Por aquello de la belleza del monstruo también recuerdo El jorobado de Nuestra Señora de París.

Los miserables la vi, no me he atrevido a leerla aún, por primera vez en televisión. Se trataba de una película francesa que, ahora, rastreando en Internet, me entero dirigió Jean-Paul Le Chanois. Recordaba a su protagonista, a quien hace de Jean Valjean, Jean Gabin, que fue siempre un actor por el que siento una extraña, si quieren compulsiva por estrafalaria fascinación.

La otra película que suena en estas navidades donde todo cambia, nada permanece, es el Hobbit. Tampoco la he visto. Y ni puñeteras ganas por verla pero sí que recuerdo cuando leí la novela.

Fue por la fiebre tolkeniana que sufrí tras el estreno de la hoy olvidada película de dibujos animados El señor de los anillos (Ralph Bakshi, 1978).

Pero la verdad sea dicha en esta plancha: en este periodo de transformaciones varias que sufro Tolkien me parece ahora otra cosa.

O cosita.

Debe ser la edad, que va descascarillando lo prescindible de la armadura que forja tu pasado.

La idea es recuperar la inocencia. La capacidad de asombro.

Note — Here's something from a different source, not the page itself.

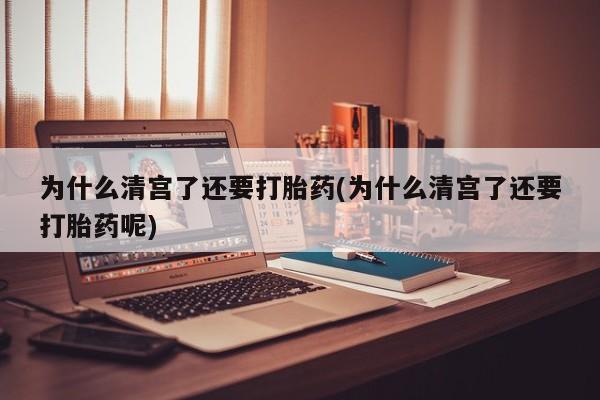 流产药私人联系方式微信为什么清宫了还要打胎药(为什么清宫了还要打胎药呢)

Asombro que sí encuentro cuando vuelvo a contemplar el Conan de Milius. Ya saben, la película protagonizada por ese actor de apellido impronunciable que fue gobernador de California.

En un inquietante viaje a mi pasado vuelvo a ver Desmadre a la americana, que fue la madre de todas aquellas cintas sobre universitarios con una idea fija en la cabeza: perder la virginidad.

¿Me río viendo Desmadre a la americana como la primera vez?

No.

Pero sí que sonrío.

Regreso, es inevitable, al Crack-Up:

Soy un hombre que piensa despacio, y se me ocurrió simultáneamente que de todas las fuerzas naturales, la vitalidad es la única incomunicable. En días en que la savia vital le llegaba a uno como un artículo libre de impuestos, uno trataba de distribuirlo –pero siempre sin éxito–; para seguir mezclando metáforas, la vitalidad nunca “aprende”. Se tiene o no se la tiene, igual que salud u ojos pardos u honor o voz de barítono.”

La chica que sisó Soy un bicho raro me guiñó el ojo.

(*) La imagen que acompaña estas líneas pertenece a El Golem (Carl Boese y Paul Wagener, 1920. El filme está basado en la novela El Golem de Gustav Meyrink.

Saludos, agitando las manos, desde este lado del ordenador.